B) Article 121(2) of the Debtor Rehabilitation Act appears to be a provision premised on the existence of the right to claim restitution against the consideration upon rescission or termination.

C) With respect to a contract for construction works, even if a contract has been terminated and completed during the construction, if the construction has been considerably advanced and the restoration to its original state has resulted in significant social and economic losses, and the completed part is beneficial to the contractor, the contractor shall deliver the building to the contractor as it is invalidated and the contractor shall pay reasonable remuneration to the building delivered in consideration of the origin and height of the building (see, e.g., Supreme Court Decision 96Da43454, Feb. 25, 1997). Therefore, the contract for construction works may normally terminate the contract, but it does not affect the termination of the contract, and if the contractor or the contractor is the debtor for rehabilitation, the contract for completed portion of the contractor or the subcontractor does not constitute a priority claim under Article 121(2) of the Debtor Rehabilitation Act, but does not constitute a priority claim under Article 121(2) of the Debtor Rehabilitation Act.

D) In a case where a contractor returns advance payment, which is a pre-paid contract for construction work, due to the cancellation or termination of the contract, etc., and the contractor’s return the advance payment exceeding the maturity point at the time the contract was terminated or terminated, it is reasonable to deem that the contractor’s obligation to return advance payment is a kind of obligation to reinstate arising from the termination or termination of the contract (see, e.g., Supreme Court Decision 94Da54702, Mar. 22, 1996). However, the excess payment claimed by the Plaintiff in the instant case is not an advance payment paid under the instant contract, but an excessive payment made in mistake, etc. even though the contractual obligation was not a payment made under the instant contract. This differs from the advance payment that has the authority to retain under the legal ground, which is the contract, and if there exists excess payment as alleged by the Plaintiff, the Plaintiff may immediately claim for the return of the advance payment to the Defendant, regardless of whether the contract was rescinded or terminated. Therefore, it is difficult to view that the claim for return

B. Whether the case constitutes a priority claim under Article 179 of the Debtor Rehabilitation Act

As seen above, since the claim for return of the price paid excessively by the Plaintiff does not constitute a priority claim under Article 121(2) of the Debtor Rehabilitation Act, it constitutes a rehabilitation claim and whether a claim constitutes a public-interest claim ought to be determined by the interpretation of the definition of the general rehabilitation claim (Article 118 of the Debtor Rehabilitation Act) and the public-interest claim (Article 179 of the Debtor Rehabilitation Act).
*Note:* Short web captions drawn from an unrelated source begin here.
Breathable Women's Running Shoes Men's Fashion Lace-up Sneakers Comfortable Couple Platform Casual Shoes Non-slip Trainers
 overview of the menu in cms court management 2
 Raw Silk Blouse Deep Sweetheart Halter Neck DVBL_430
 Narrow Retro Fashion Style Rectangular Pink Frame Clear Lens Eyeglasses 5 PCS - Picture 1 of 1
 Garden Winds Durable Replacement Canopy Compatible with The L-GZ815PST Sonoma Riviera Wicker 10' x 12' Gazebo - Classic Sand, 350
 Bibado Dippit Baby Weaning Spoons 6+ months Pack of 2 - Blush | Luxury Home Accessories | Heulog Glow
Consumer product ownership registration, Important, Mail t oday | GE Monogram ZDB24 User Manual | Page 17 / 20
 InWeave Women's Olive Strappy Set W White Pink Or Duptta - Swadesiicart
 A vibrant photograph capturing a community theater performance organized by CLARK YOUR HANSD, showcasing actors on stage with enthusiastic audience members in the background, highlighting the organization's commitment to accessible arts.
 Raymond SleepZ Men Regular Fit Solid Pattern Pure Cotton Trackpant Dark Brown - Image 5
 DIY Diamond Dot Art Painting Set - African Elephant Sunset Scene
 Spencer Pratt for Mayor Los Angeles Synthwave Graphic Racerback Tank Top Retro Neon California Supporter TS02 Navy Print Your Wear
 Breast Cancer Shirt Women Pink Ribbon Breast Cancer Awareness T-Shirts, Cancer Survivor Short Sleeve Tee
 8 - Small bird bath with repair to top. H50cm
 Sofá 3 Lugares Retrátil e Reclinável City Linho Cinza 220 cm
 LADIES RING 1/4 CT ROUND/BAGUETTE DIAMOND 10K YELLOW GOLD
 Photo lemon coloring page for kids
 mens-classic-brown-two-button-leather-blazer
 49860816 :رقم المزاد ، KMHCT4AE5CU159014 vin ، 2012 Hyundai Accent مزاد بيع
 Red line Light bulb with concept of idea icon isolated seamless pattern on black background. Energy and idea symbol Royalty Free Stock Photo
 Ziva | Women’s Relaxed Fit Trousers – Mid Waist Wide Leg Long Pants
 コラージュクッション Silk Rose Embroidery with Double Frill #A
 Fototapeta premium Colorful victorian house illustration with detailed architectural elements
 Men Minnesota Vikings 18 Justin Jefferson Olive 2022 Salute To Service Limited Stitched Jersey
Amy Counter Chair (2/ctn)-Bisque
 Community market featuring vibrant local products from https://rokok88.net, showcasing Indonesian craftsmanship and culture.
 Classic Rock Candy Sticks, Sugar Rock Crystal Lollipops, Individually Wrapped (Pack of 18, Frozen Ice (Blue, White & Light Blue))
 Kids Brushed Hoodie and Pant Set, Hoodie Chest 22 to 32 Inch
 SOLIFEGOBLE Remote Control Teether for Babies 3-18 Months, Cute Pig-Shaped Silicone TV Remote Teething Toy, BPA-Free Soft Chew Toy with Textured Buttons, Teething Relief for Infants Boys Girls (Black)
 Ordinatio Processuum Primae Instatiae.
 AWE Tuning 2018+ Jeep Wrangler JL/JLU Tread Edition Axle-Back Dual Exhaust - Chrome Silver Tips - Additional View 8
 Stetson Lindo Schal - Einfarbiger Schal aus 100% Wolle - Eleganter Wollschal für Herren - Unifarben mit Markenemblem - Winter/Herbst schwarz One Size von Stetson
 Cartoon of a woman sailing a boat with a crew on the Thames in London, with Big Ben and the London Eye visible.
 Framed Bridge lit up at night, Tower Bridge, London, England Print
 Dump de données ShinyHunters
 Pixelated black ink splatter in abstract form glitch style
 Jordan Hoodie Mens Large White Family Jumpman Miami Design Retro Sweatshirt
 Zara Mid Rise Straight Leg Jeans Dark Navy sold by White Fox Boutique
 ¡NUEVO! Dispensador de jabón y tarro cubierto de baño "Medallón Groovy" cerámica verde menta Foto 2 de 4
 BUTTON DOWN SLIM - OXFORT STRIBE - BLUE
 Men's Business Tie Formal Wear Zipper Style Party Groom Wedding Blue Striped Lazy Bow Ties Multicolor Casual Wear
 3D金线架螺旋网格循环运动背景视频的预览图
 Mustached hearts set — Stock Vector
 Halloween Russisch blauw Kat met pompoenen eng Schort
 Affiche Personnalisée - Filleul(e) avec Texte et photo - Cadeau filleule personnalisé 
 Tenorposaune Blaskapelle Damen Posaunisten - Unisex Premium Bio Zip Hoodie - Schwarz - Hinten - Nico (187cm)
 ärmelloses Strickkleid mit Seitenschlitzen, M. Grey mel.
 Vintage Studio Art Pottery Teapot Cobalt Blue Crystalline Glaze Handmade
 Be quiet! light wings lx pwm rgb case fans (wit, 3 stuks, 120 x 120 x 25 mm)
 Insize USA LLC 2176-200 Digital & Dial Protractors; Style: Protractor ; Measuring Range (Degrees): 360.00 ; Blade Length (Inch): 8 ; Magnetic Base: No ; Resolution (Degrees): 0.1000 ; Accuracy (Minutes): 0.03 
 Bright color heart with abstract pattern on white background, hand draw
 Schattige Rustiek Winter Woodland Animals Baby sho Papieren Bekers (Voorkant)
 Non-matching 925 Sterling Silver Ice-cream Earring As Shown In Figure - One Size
The term "mortgage claim" under Article 118 subparagraph 1 of the Debtor Rehabilitation Act refers to a claim on property arising from the cause of the occurrence of a claim, such as declaration of intention, etc. before the commencement of rehabilitation procedures, which is based on which the cause of the occurrence of a claim is based on the cause before the commencement of rehabilitation procedures has not been specifically determined or the maturity period arrives after the commencement of rehabilitation procedures (see Supreme Court Decision 99Da55632 delivered on March 10, 200).

According to the above facts, the Plaintiff paid the construction price to the Defendant on October 22, 2014, which was decided to commence the rehabilitation procedure for the Defendant, and includes KRW 108,367,462, out of the amount claimed by the Plaintiff, and the Plaintiff paid KRW 53,540,300 on behalf of the Defendant after the decision to commence the rehabilitation procedure for the construction of the subcontractor’s name; and the Plaintiff paid KRW 321,062,10 in total to the transferee of the subcontractor’s claim for the construction price to the Defendant in Han River Construction upon the decision to commence the rehabilitation procedure in accordance with the court’s payment order or settlement recommendation order; the fact that the subcontractor’s claim for the construction price against the Defendant in Han River Construction or Han River General Construction was established before the decision to commence the rehabilitation

First, in regard to the claim for return of unjust enrichment claimed by the Plaintiff to the Defendant prior to the commencement of rehabilitation procedures, it seems clear that the principal cause of the above claim was already preserved prior to the commencement of rehabilitation procedures. As long as the cause of the claim is based on the cause prior to the commencement of rehabilitation procedures, even if the specific amount of the construction cost to be returned was determined only at the time of settlement after the termination of the contract of this case, the above claim becomes a rehabilitation claim under the Debtor Rehabilitation Act.

Next, this paper examines the subcontractor's claims against the Defendant and the subcontractor's claims against the Defendant, and 376,602,400 won paid by the Plaintiff on behalf of the Plaintiff.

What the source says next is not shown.